Here’s the part that matters most: you don’t export the list. You don’t import it into another tool. You don’t tinker with CSV files and hope the emails match LinkedIn profiles. You launch the entire campaign from inside Origami.

How It Works

  • Launch directly from the list view. Once you’ve built, refined, and segmented your list, you switch to the Sequencer tab. Select the contacts you want to enroll (or all of them), choose your sequence (the one you wrote or the one the AI generated), and set the delays. Click “Start Sequence.”
  • Automatic sending. The built‑in LinkedIn sequencer sends connection requests and follow‑up messages for you, respecting the delays you configured. No browser extensions needed — Origami integrates with LinkedIn’s APIs to simulate human‑like sending patterns.
  • Dashboard‑level tracking. Opens, clicks, and replies are visible in the same dashboard where you built your list. You can see at a glance which touch got the most engagement, who replied, and who booked a meeting.
  • Prospect context stays intact. While checking a contact’s activity, you can still see their enriched profile: job title, company description, tools used, recent job moves. So when someone replies, you immediately know why you reached out and what angle you used — zero memory load.
  • Automatic un‑enrollment. If a lead replies — whether it’s “interested” or “not now” — they exit the sequence automatically. No “Sorry to see you go” joke mails going out after a booked meeting. The system detects the reply and stops.

One Platform, End‑to‑End

The real win is the absence of tool switching. Historically, you’d use one tool for prospecting (list building), another for enrichment, another for LinkedIn sequences, and a CRM to track replies. With Origami, it’s a single workflow: describe your ideal customer → get enriched leads → refine → launch sequence → send → track replies. The sequencer is included on all paid plans — you only pay for credits to enrich leads. The sending itself doesn’t cost extra. Even if you’re on the free plan (1,000 credits), you can still build a small list and test the water manually, but the automated sequencer unlocks once you upgrade. Paid plans start at $29/month, which is trivial compared to hiring a VA or subscribing to separate tools.

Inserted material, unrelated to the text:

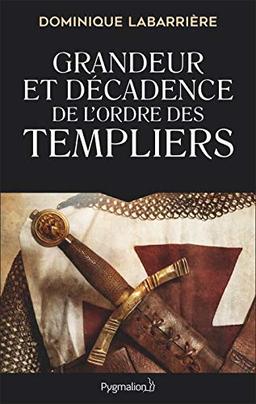 Grandeur et décadence de l'ordre des Templiers : ordre militaire, religieux et politique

What Results to Expect and When to Iterate

For this audience — decision‑makers at Nordic ecommerce electronics companies — the typical connection acceptance rate with the sequence above sits between 28% and 38% (based on my campaigns in H1 2026). Reply rates after the full 3‑touch sequence often fall in the 12%–18% range. These are not unrealistically high; they simply reflect that you’ve targeted the right people with language that actually talks about their world.

If after 100 touch‑points your acceptance rate is below 20%, iterate on the list before the messaging. Often the issue is that the list includes too many people who don’t self‑identify as “ecommerce” or are actually in hardware manufacturing, not online retail. Go back to Step 2 and tighten the qualification. If acceptance is high but replies are low, sharpen the follow‑up message to be more specific — mention a recent article about Nordic electronics supply chains, or reference a known event like the Electronics Goes E‑commerce conference. The AI agent inside Origami can also help A/B test new message variants for you.

Remember to respect LinkedIn’s limits. The sequencer is built to stay within safe sending thresholds, but if you’re blasting 500 connections a day, you’ll get flagged. Stick to 20–40 personalized requests per day, which is easy to manage when you’re only targeting a curated list of a few hundred.